One clever design feature worth mentioning is the circular LED light that sits below the water tank. When the system is powered up and all is well, it refracts with a reassuring Halo-blue but when there’s an issue it changes to Tron-red. The light isn’t so bright that it’s ever a distraction, but it is intense enough that you can see it with a quick glance.
What is it like to use?
Even if you’ve never used a robot vacuum before, setting up the E25 is unlikely to cause any problems. It’s a straightforward job of assembling the dock, reading the setup guide, downloading the Eufy Clean app and connecting it to the E25, filling up the 2.5L water tank, adding the supplied floor cleaning solution and popping the robot in the dock to charge.
Incidentally, a replacement bottle of floor cleaner will set you back £20, although the E25 does seem to use it quite sparingly.

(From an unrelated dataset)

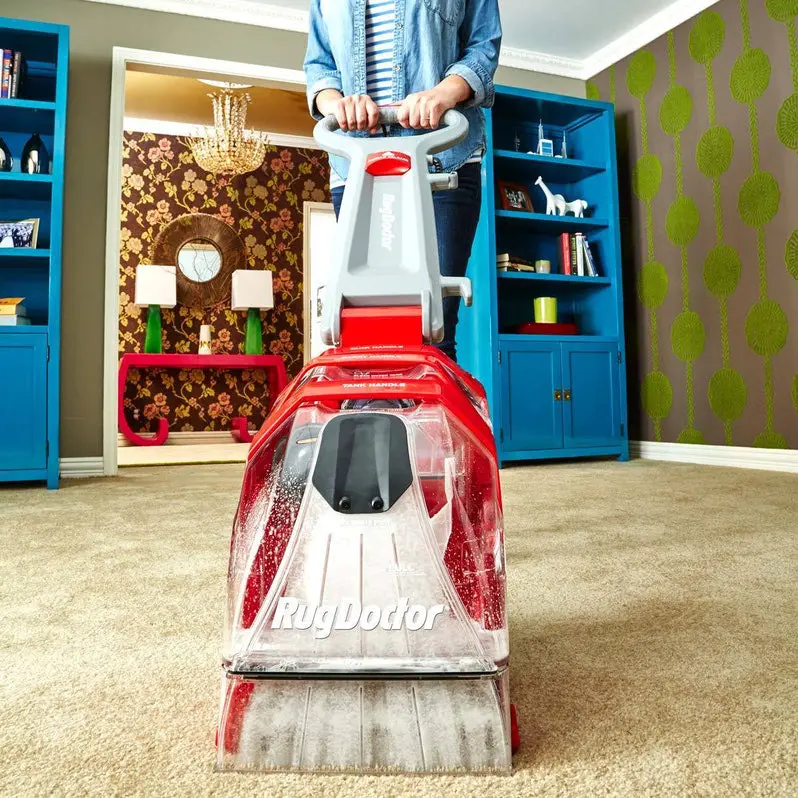 Rug Doctor Deep Clean Carpet Cleaner – Heavy-Duty Upright Machine with 2L Detergent Kit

The app is easy to master, with various options to change the intensity of the suction and how wet the mop gets. However, I found it easier to stick the system into AI Automation Mode and let the E25 worry about things, which is surely the point of having an automatic cleaning system.
The only time you will have to intervene is to clear the brush rollers of hair – which shouldn’t be very often, as the anti-tangle design works very well – and to retrieve the robot when it gets stuck. When this happens, not only does the app let you know by issuing a notification, but a loud and clear voice alert is emitted by the unit itself.

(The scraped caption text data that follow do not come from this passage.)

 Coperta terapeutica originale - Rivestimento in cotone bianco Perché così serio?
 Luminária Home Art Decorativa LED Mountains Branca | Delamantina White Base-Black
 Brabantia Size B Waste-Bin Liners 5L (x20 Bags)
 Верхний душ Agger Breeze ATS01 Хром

On one occasion, it stumbled into a gap just a few millimetres wider that it and tried to turn rather than reverse, jacking one of the drive wheels up off the ground. I was aware of the problem in moments and was able to free it to get on with its job.
It’s worth mentioning here that some early reviews of the E25 from the USA reported a certain lack of reliability with the E25 randomly powering off and not responding to app commands. I experienced no such problems, so I can only assume that firmware updates (a significant one was installed as soon as I connected the E25 to my home network) have resolved these issues.
Is it good at finding its way around?
Robot vacuums tend to perform best in large open-plan spaces with minimal clutter. My two-bed terrace is the opposite of that, but the E25 still performed admirably.
On first launch, it pottered about the upstairs of my house to get its bearings and map the space. The sensor tower prevented it from getting under my bed, but otherwise it mapped the space faultlessly, even as far as taking one look at the box- and cable-strewn spare bedroom and rightly labelling the space as Home Office.









Once the system has mapped a space and is cleaning, you can check the robot’s path on the app, so it’s very easy to see if it’s missing any spaces. Usefully, you can view maps in 2D or 3D and you can designate no-go areas in the app if you find it getting stuck repeatedly in the same places.
But generally, the E25 does well at getting over small obstacles and avoiding those things it can’t. Door thresholds, thick extension cables and carpet protectors didn’t break its stride, and it deftly navigated around discarded shoes and boxes.
Obviously, stairs are a no-go area for robot vacuums, but at least the E25 didn’t hurl itself down those either. Rather, it just rolled up to the edge of the top step, paused and spun around. Good robot.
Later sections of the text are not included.